Dan Dolores serta Antina adalah tetangga yang tinggal di jalan yang sama, saling kenal sejak kecil, memiliki perasaan satu sama lain, dan akhirnya mulai berpacaran saat menjadi rekan satu regu patrol. Langkah demi langkah, mereka menjadi suami-istri dengan hubungan yang sangat mendalam.
Mengingat anak mereka masih kecil, saat eksporasi "Istana Raja Raksasa" kali ini, Kolin Iliat dengan sengaja menahan salah satu dari mereka.
Derrick merasa pengaturan Kepala Seksi tidak ada masalah, tetapi di sisi lain, keadaan Dolores memunculkan kesedihan yang mendalam dalam dirinya, seperti kembali ke keadaan ketika ia dulu harus menusuk mati orang tuanya sendiri.
Eksplorasi ini dari awal hingga akhir hanya berlangsung setengah hari, namun bagi Dolores, semuanya telah berubah.
Diam sejenak, Derrick mengalihkan pandangannya dan melanjutkan berjalan, langkahnya tanpa sadar menjadi lebih berat.
Pada saat yang sama, ia teringat sebuah rumor:
Elder "Gembala" Lovia pernah memiliki seorang suami, tetapi ia tewas dalam sebuah eksplorasi. Awalnya itu adalah hal yang sangat umum dan sama sekali tidak layak dibahas. Namun setelah tim eksplorasi reruntuhan kuil itu — yang seluruh anggotanya selain Lovia "gila" dan dieliminasi — sebuah desas-desus perlahan menyebar di kalangan sebagian penduduk Kota Perak:
Dalam eksplorasi itu, Elder Lovia memakan suaminya sendiri!

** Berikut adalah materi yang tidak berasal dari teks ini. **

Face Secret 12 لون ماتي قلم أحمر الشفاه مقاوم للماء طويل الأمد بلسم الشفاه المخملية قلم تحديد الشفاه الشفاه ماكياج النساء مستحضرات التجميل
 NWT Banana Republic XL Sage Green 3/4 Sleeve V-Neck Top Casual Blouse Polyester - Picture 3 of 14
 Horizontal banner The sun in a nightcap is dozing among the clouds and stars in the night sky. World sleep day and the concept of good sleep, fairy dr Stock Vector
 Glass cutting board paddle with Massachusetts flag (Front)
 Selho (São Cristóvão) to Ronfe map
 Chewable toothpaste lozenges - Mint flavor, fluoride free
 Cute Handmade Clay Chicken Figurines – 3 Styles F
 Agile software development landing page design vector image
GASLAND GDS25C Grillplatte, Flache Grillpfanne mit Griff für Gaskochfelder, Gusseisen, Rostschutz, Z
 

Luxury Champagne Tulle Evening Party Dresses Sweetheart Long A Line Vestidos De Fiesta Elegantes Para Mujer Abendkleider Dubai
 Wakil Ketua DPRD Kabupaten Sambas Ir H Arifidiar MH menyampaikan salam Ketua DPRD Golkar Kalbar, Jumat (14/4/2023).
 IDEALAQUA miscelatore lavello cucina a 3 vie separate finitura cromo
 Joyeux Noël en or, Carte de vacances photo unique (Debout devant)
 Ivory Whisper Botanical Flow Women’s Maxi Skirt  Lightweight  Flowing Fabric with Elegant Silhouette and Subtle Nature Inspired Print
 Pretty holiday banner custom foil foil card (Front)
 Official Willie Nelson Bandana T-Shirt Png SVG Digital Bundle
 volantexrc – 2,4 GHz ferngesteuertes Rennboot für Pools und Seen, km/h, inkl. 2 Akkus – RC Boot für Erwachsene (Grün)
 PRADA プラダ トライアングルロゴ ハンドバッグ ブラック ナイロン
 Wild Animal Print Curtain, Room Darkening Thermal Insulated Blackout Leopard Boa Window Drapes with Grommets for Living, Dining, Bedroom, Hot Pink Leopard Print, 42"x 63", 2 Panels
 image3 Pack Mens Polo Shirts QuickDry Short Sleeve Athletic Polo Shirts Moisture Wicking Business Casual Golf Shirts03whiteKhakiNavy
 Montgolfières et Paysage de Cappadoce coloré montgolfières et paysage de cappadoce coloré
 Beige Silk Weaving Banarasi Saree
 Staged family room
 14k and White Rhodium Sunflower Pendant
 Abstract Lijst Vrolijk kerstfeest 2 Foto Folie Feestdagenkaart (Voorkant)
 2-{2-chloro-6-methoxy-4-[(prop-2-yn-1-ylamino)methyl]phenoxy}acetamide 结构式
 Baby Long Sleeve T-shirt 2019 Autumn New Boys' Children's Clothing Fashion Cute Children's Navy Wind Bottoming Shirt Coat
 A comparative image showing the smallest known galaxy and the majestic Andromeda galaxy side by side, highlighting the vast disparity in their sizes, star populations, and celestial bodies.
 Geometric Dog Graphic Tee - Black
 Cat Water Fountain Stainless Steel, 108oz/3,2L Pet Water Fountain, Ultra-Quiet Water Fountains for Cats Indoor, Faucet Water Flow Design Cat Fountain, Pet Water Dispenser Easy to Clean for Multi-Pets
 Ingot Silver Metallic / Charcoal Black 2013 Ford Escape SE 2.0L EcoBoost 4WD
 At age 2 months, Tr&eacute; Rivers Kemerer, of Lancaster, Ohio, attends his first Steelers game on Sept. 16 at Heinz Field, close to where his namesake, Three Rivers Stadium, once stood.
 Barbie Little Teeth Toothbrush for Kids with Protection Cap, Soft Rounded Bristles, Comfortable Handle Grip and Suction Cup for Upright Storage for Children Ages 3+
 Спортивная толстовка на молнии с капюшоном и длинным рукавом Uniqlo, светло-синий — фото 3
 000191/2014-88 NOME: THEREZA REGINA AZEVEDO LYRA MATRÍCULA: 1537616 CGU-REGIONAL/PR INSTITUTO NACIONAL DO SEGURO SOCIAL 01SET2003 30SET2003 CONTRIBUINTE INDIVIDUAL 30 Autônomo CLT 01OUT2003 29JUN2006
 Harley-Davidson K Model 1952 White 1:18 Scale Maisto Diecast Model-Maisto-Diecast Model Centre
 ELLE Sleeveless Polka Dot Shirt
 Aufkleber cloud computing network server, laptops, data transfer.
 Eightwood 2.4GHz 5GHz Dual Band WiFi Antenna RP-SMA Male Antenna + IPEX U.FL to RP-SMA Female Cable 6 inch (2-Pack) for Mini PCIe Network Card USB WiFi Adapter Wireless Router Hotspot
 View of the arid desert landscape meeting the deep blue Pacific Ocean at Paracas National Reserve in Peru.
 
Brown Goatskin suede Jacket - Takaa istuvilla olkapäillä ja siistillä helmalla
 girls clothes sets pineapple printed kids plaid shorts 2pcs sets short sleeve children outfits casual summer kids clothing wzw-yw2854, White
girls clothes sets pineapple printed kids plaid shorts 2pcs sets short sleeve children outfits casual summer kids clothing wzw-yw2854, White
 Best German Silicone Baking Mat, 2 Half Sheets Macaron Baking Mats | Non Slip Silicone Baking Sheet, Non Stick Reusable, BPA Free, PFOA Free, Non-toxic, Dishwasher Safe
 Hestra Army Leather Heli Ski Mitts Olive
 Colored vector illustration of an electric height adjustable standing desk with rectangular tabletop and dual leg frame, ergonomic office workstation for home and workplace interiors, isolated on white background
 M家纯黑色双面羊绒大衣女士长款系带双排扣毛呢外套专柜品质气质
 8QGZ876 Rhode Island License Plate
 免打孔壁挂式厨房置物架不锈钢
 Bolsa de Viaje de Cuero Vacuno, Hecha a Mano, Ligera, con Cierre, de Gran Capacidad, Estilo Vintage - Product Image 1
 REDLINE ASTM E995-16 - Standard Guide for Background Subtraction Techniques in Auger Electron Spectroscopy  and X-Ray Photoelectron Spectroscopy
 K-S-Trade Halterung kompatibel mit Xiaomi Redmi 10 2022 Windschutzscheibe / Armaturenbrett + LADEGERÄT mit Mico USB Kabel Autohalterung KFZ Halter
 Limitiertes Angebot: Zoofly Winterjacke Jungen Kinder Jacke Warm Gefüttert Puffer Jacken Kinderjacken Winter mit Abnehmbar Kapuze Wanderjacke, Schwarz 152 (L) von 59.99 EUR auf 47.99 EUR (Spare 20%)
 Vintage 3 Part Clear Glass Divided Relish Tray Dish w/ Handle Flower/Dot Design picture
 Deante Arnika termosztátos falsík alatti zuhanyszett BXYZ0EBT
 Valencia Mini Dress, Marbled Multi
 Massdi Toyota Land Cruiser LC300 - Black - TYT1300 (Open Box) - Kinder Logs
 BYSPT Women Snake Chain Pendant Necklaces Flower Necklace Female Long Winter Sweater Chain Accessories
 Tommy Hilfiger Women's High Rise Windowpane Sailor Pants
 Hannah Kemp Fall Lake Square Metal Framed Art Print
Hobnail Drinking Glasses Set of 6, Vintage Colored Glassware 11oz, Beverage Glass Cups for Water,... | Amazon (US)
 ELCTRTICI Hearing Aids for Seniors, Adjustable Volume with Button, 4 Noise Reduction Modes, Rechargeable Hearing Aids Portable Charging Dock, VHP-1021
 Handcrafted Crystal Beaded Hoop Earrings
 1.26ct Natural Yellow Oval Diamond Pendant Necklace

Di "malam" dengan frekuensi petir yang sangat rendah, angin terasa agak dingin. Derrick bergidik, lalu mengalihkan kembali perhatiannya ke depan.
Ia melangkah cepat beberapa langkah, tiba di tujuan, dan mengangkat tangan mengetuk pintu Kepala Seksi.
"Masuk," kata Kolin Iliat dengan suara yang tidak menunjukkan keanehan.
Derrick mendorong pintu masuk, dan melihat Kepala Seksi yang mengenakan kemeja linen dan jaket gelap sedang menggosok kedua pedang lurus itu dengan lemak.